** Opening Data provided block **

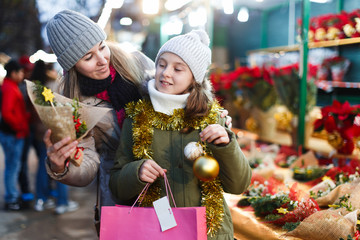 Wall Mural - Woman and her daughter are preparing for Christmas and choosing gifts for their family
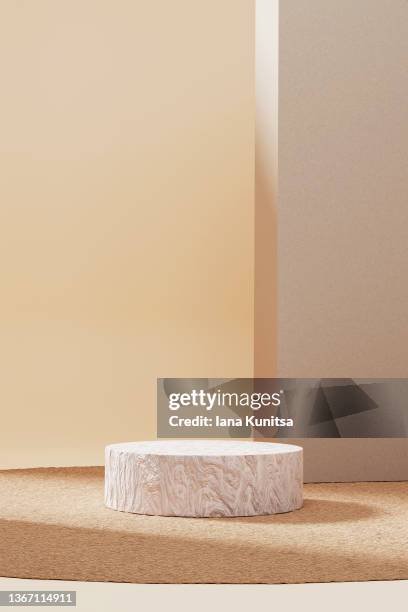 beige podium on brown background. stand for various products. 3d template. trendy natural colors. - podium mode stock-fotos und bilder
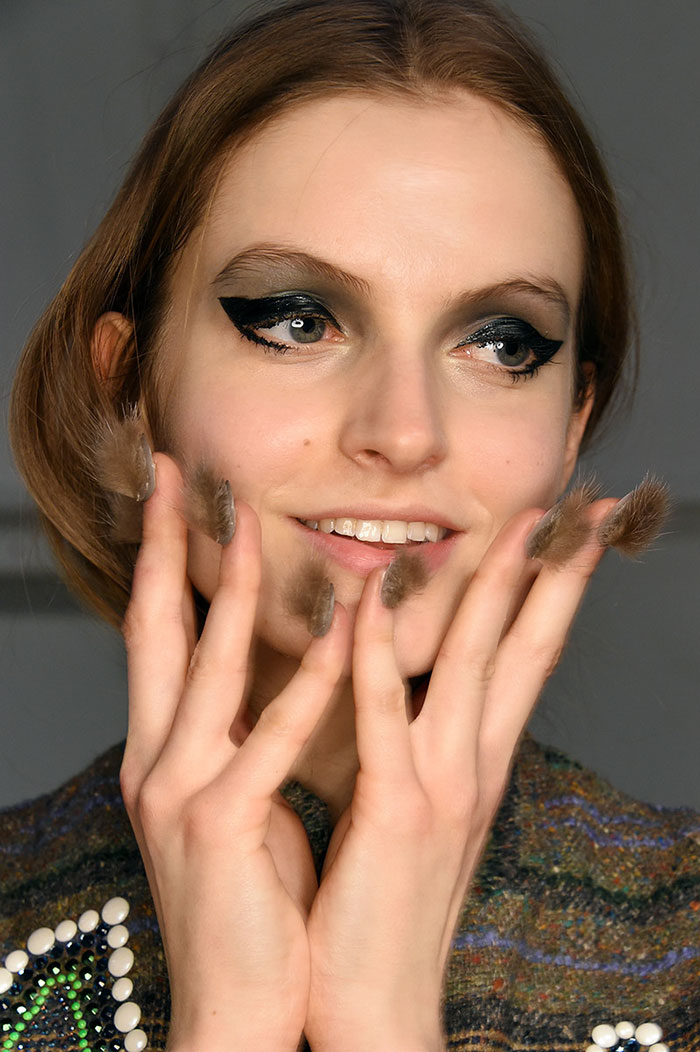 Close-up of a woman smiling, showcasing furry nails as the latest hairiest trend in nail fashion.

** Closing Data provided block **

- **Goal of the exercise**
Everything from the line containing "beige podium on" to the last line of the listing above must be reproduced exactly, with no pictures included.

- **Finished task**
 beige podium on brown background. stand for various products. 3d template. trendy natural colors. - podium mode stock-fotos und bilder
 Close-up of a woman smiling, showcasing furry nails as the latest hairiest trend in nail fashion.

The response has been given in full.